Wednesday, April 11, 2012

Goethe! now showing at Sundance Houston

I'll bet when you had to read "Faust" in your college survey of European literature, you didn't realize that its author -- Johann Wolfgang von Goethe -- led as adventurous an early life as the young William Shakespeare depicted in "Shakespeare In Love." If you did, you should be writing scripts for the movies! For that is the premise of a charming new film from Germany, very loosely-based on the early life of the great Germanic poet/author/color theorist that recently opened Stateside. If the parallels to the previous Oscar-winner aren't blatant enough, the American distributor wants to make it perfectly clear, by changing the name from the German title "Goethe!" to "Young Goethe in Love." (clever!)

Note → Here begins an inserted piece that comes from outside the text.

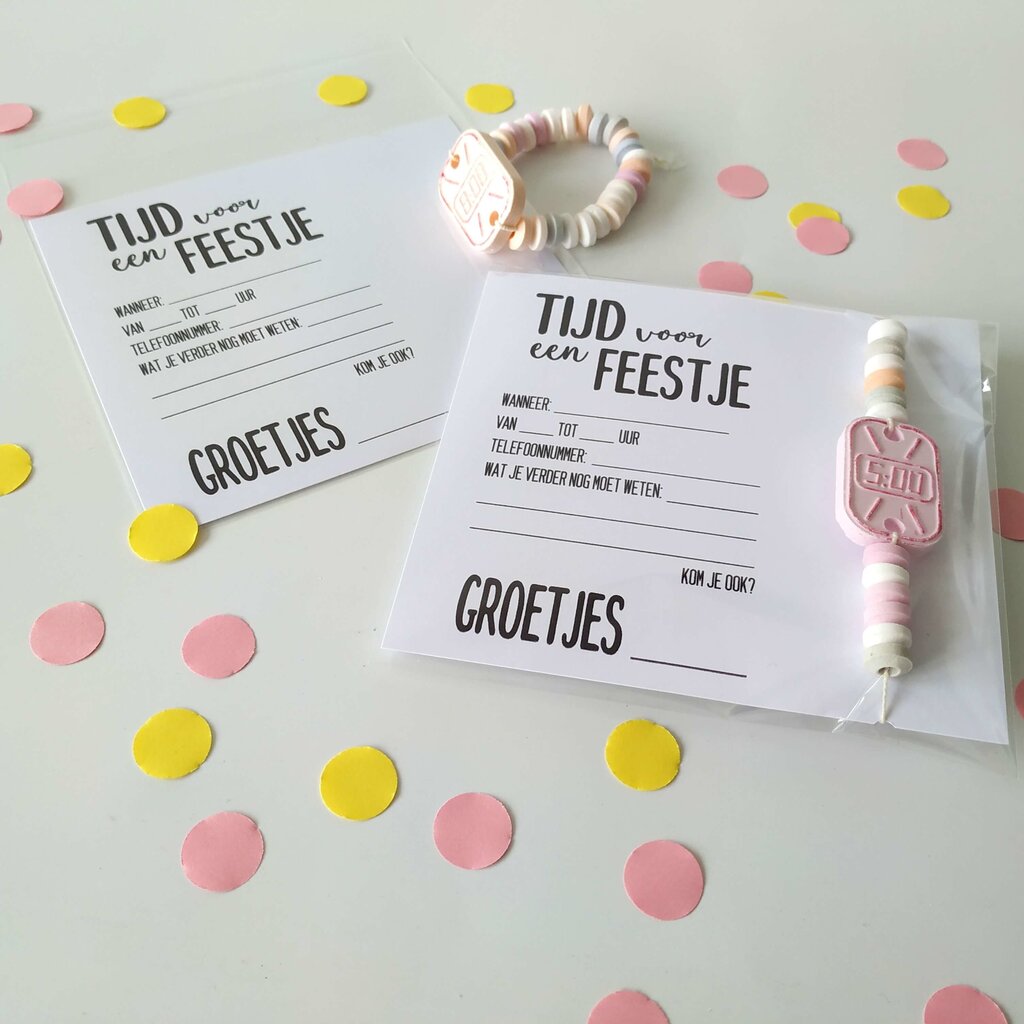 Printable uitnodiging snoepketting horloge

Despite the obvious debt to the previous film, Philipp Stolzl's film works for many of the same reasons: It is fast-paced, witty, well-acted by an attractive young cast (led by Alexander Fehling from "Inglourious Basterds" in the title role), and it's FUN! The story follows the young Goethe's apprenticeship in a law court in a 'backwater' German town, where he falls in love with a sensitive (she sings in the church choir), redheaded beauty named Charlotte (a fresh-faced Miriam Stein). Of course, it doesn't end well, or the world wouldn't have Goethe's first blockbuster novel, "The Sorrows of Young Werther," written in a love-sick frenzy from a jail cell (or so this film would have you believe). I'm sure any similarity to the early days of the historical Goethe are purely coincidental, but it cannot be any more fictionalized than the Bard's story. I don't mind the dramatic license taken by either film, because they both entertain. It's about time this German literary great got the Amadeus-Shakespeare treatment on the big screen.